### Data excerpts

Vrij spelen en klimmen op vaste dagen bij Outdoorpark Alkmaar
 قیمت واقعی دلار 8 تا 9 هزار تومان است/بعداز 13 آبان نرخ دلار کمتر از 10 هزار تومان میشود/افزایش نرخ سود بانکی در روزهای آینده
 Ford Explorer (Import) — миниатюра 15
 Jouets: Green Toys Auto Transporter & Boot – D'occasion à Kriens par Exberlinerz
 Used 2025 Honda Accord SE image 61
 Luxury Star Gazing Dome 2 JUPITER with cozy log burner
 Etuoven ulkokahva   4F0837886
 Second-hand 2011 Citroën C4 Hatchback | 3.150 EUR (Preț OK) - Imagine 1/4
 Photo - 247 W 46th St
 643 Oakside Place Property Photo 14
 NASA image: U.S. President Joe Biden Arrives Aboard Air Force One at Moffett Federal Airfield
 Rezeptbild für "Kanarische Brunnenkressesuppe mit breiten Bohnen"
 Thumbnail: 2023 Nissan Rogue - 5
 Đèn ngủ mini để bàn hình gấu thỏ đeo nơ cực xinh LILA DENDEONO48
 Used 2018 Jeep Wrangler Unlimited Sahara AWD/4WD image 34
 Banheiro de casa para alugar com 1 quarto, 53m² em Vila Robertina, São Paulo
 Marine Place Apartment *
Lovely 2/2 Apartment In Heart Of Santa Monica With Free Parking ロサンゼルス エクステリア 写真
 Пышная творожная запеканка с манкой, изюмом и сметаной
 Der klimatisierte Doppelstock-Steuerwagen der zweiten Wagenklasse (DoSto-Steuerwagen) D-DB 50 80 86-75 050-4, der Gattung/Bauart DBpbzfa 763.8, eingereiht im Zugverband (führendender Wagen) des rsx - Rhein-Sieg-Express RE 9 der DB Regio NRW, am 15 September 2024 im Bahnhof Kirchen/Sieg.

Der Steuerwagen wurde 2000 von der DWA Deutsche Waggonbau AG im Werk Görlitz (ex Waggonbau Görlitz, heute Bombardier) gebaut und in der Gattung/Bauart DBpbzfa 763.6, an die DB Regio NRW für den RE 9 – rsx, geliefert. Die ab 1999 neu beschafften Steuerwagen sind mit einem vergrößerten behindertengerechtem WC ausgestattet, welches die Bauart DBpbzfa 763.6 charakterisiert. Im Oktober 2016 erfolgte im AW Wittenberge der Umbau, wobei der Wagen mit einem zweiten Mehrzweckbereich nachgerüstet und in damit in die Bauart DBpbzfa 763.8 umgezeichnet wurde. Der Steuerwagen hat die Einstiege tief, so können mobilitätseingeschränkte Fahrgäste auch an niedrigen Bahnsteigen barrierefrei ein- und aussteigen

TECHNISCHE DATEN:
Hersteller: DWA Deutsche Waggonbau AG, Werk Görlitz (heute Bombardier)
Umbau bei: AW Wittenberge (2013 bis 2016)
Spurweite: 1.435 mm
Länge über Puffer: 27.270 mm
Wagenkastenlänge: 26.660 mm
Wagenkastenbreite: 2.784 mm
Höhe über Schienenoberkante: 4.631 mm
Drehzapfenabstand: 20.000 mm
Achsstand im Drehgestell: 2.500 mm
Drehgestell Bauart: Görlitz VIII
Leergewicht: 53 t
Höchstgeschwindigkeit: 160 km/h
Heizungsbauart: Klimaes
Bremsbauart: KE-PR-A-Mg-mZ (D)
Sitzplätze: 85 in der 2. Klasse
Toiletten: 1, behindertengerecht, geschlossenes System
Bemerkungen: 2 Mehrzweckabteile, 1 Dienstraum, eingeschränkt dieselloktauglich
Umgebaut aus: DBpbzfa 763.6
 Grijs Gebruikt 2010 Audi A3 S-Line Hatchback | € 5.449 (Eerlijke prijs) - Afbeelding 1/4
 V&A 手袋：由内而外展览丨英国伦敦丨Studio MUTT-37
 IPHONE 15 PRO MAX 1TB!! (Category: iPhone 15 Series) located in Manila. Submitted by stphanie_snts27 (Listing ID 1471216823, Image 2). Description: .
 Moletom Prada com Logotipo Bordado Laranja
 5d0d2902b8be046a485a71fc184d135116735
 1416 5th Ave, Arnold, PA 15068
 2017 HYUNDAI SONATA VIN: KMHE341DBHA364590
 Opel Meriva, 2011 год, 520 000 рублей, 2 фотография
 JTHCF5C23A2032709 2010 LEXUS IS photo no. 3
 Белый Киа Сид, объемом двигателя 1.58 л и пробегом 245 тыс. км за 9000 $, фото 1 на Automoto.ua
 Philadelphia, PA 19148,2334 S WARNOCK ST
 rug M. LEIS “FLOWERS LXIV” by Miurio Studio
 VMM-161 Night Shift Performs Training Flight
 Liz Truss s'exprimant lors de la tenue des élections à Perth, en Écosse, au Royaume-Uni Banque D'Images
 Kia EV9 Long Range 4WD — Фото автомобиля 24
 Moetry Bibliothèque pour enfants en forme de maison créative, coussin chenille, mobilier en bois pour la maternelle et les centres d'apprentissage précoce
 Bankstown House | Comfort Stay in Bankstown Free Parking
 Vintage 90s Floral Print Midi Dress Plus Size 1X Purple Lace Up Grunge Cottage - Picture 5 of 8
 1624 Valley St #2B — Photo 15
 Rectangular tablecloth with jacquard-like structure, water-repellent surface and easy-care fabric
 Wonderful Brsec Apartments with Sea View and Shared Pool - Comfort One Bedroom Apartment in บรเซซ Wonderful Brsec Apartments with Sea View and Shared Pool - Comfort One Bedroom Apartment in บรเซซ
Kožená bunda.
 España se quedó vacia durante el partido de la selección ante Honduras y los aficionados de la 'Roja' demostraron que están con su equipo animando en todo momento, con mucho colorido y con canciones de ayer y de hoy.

### Problem statement
Output the data exactly, from the first line through the line that holds "Der klimatisierte Doppelstock-Steuerwagen", so that no later line appears.

### Solved exercise
Vrij spelen en klimmen op vaste dagen bij Outdoorpark Alkmaar
 قیمت واقعی دلار 8 تا 9 هزار تومان است/بعداز 13 آبان نرخ دلار کمتر از 10 هزار تومان میشود/افزایش نرخ سود بانکی در روزهای آینده
 Ford Explorer (Import) — миниатюра 15
 Jouets: Green Toys Auto Transporter & Boot – D'occasion à Kriens par Exberlinerz
 Used 2025 Honda Accord SE image 61
 Luxury Star Gazing Dome 2 JUPITER with cozy log burner
 Etuoven ulkokahva   4F0837886
 Second-hand 2011 Citroën C4 Hatchback | 3.150 EUR (Preț OK) - Imagine 1/4
 Photo - 247 W 46th St
 643 Oakside Place Property Photo 14
 NASA image: U.S. President Joe Biden Arrives Aboard Air Force One at Moffett Federal Airfield
 Rezeptbild für "Kanarische Brunnenkressesuppe mit breiten Bohnen"
 Thumbnail: 2023 Nissan Rogue - 5
 Đèn ngủ mini để bàn hình gấu thỏ đeo nơ cực xinh LILA DENDEONO48
 Used 2018 Jeep Wrangler Unlimited Sahara AWD/4WD image 34
 Banheiro de casa para alugar com 1 quarto, 53m² em Vila Robertina, São Paulo
 Marine Place Apartment *
Lovely 2/2 Apartment In Heart Of Santa Monica With Free Parking ロサンゼルス エクステリア 写真
 Пышная творожная запеканка с манкой, изюмом и сметаной
 Der klimatisierte Doppelstock-Steuerwagen der zweiten Wagenklasse (DoSto-Steuerwagen) D-DB 50 80 86-75 050-4, der Gattung/Bauart DBpbzfa 763.8, eingereiht im Zugverband (führendender Wagen) des rsx - Rhein-Sieg-Express RE 9 der DB Regio NRW, am 15 September 2024 im Bahnhof Kirchen/Sieg.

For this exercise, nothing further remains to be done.